Secondly, understand your responsibility for your child. See raising that child as your service to the Lord. Do you realize that once you decide to have a child, you give up your right to ever make any major decision in your life without thinking of what the affect on that child will be? Once you decide to have a child, the welfare - emotionally, spiritually, physically, and every other way - of that child has to be at the top of the list in your choices. You do not have the right just to pursue what makes you feel good without thinking of the affect on that child. A child is not a thing. We don't go out and get one just because we want one. A child is a responsibility, a priority. In Colossians 3 the apostle Paul makes the point that everything is to be done in word and deed in the name of the Lord Jesus Christ. And then he begins to discuss the applications of that principle. He says, "Fathers, do not provoke your children lest they become discouraged." What he means by that is to care for your children so that they are not discouraged by life.

Third, to all who are helping to raise little ones, I would call on you to aim above all else to bring them up in the discipline and instruction of the Lord, Eph. 6:4. That great aim will give you a sense of direction in all of your other responsibilities toward that child. Do you want to know how to discipline the child? Remember you are doing it for the Lord. Let that fact govern what you do. Do you want to know how to train or instruct a child? Remember, you are trying to bring them up in the Lord and let that guide you. Do you want to know what kind of values to teach a child? Remember you are raising that little one for the Lord. Give that child a healthy sense of proportion in life - a picture of himself and of God.

And then the fourth principle is to go about serving the Lord so that an atmosphere is created where children are valued and children are loved but where children do not govern the home and are not the focus of the whole thing. It is not good for a little child to be made the center of the whole universe. It is interesting in the book of Acts, it is grown- ups first in their responsibility to the Lord, and then children come in in that kind of situation.

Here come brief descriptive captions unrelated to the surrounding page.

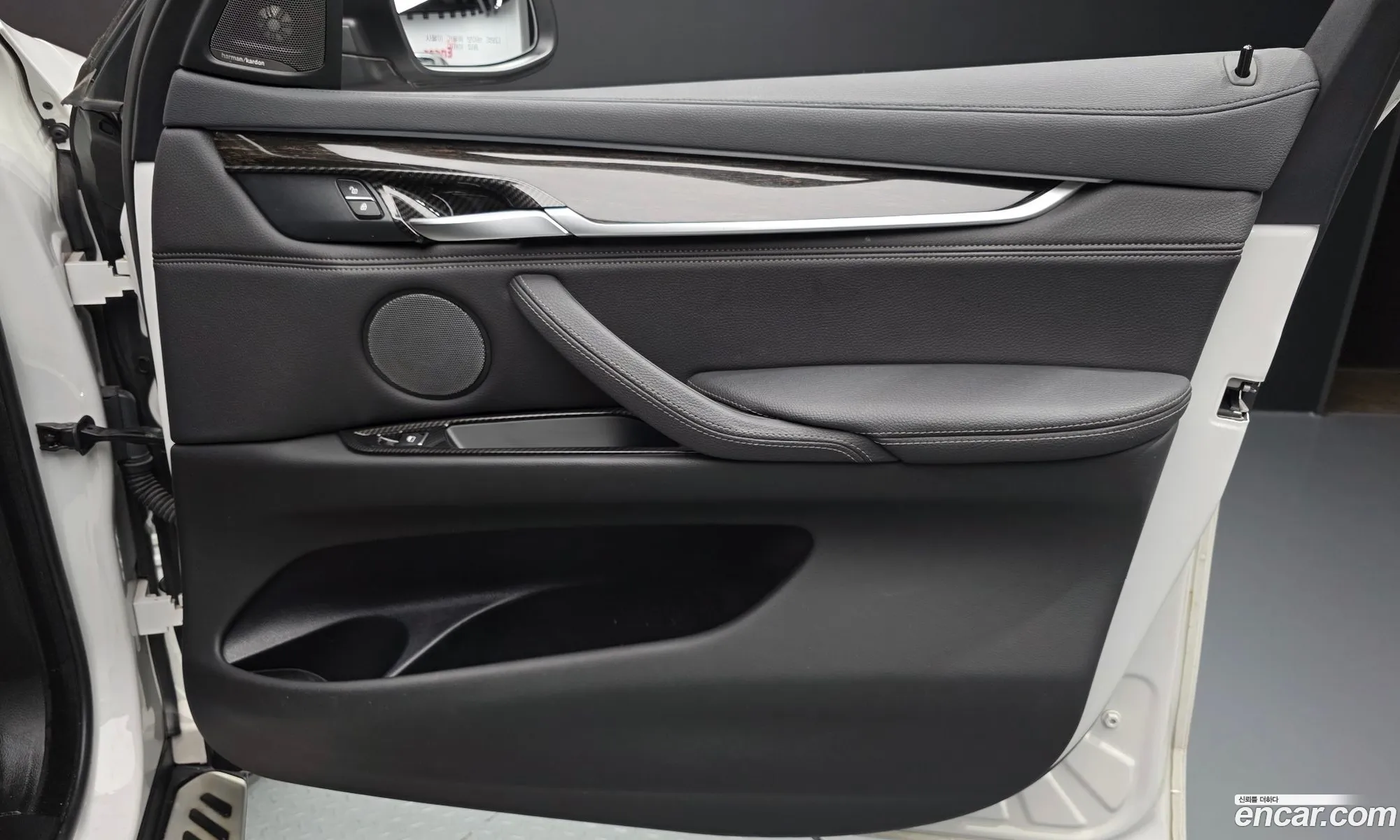 BMW X6 2019 WBAKV2101K0Z83887 — 25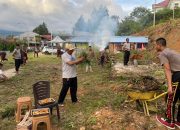 Dalam Rangka Dukung Ketabanan Pangan Polres Mamasa Gotong Royong Melaksanakan Pembersihan Lahan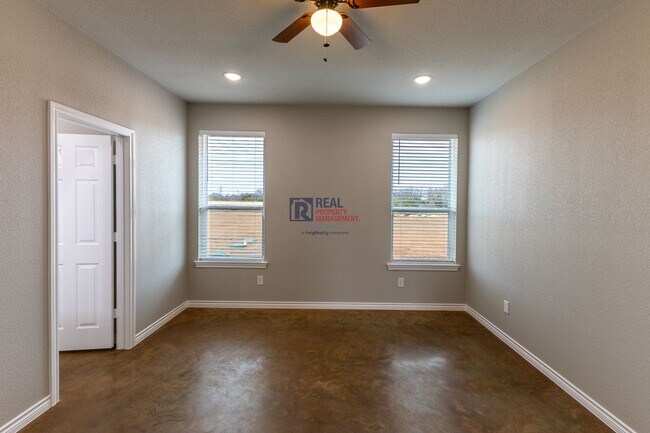 Building Photo - Stylish Glen Rose Home with Open Layout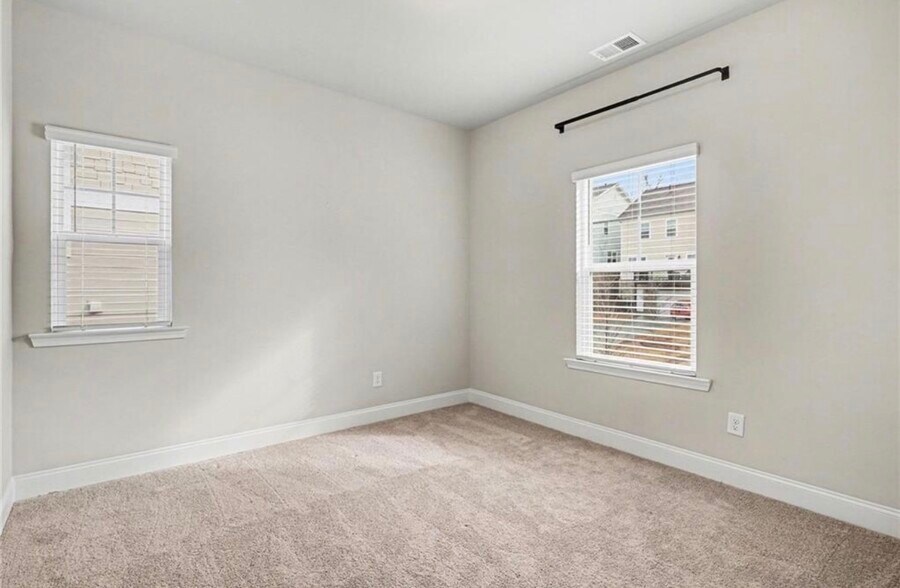 Bedroom #2 Upstairs - 811 Corsiglia Farm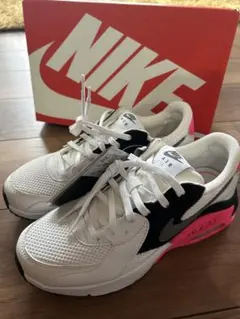 NIKE ウィメンズ　エア　マックス　エクシー　23.5㎝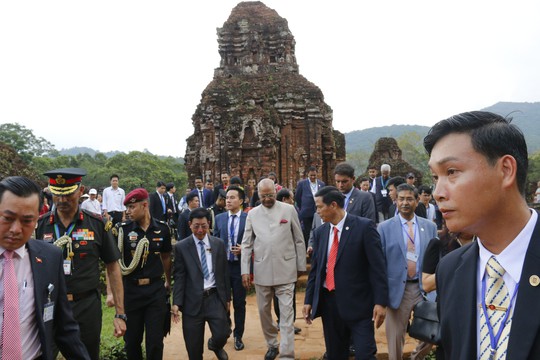Tổng thống Ấn Độ cùng phu nhân thăm di sản thế giới Mỹ Sơn - Ảnh 2.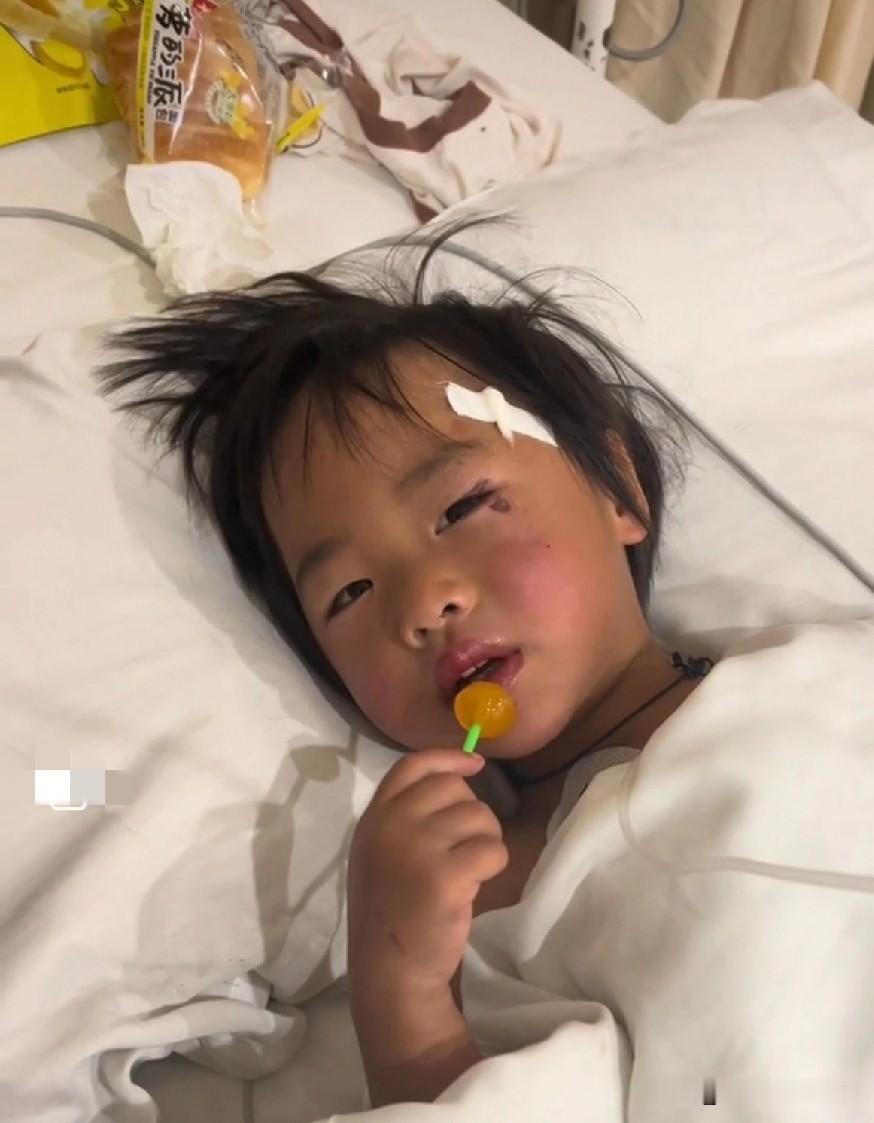 孩子就是这位大哥找到的！跨越一干多公里，无偿救援，毫不利己，一心救人，这是壮举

And a fifth principle is to remember to draw on the wisdom of the ages as you raise your children. One of the problems with raising little ones is that by the time you get to the place where you realize, "Boy, I wish I had done this differently. If I had known this! What can I do now?" By the time you can see all that perspective, you have raised your children. The only way I can see to avoid that kind of a problem is for us to make sure that we draw on the wisdom of those who have already done it. Value the wisdom of experience. Don't assume everything before your generation is invalid. Especially in a congregation, draw on grandmas and grandpas around you. Draw on their wisdom and their love for little ones and their blessing to you and your family.

The privilege of caring about children is one way of having a partnership with God that goes on through all of our lives because God cares for little ones. What that means especially is that we want to examine the blessing that we have in being God's children. Those who receive Christ, who believe in him, have the right to become children of God, John 1:12. We can live as children in God's family. Maybe today you would like to make a beginning at that. Maybe you would like to become a Christian this very morning. Maybe you are a Christian and you need the prayers of your family in the Lord. If so, or if there is some other way we can be of help today, would you please let that be known right now. Come, while we stand and sing.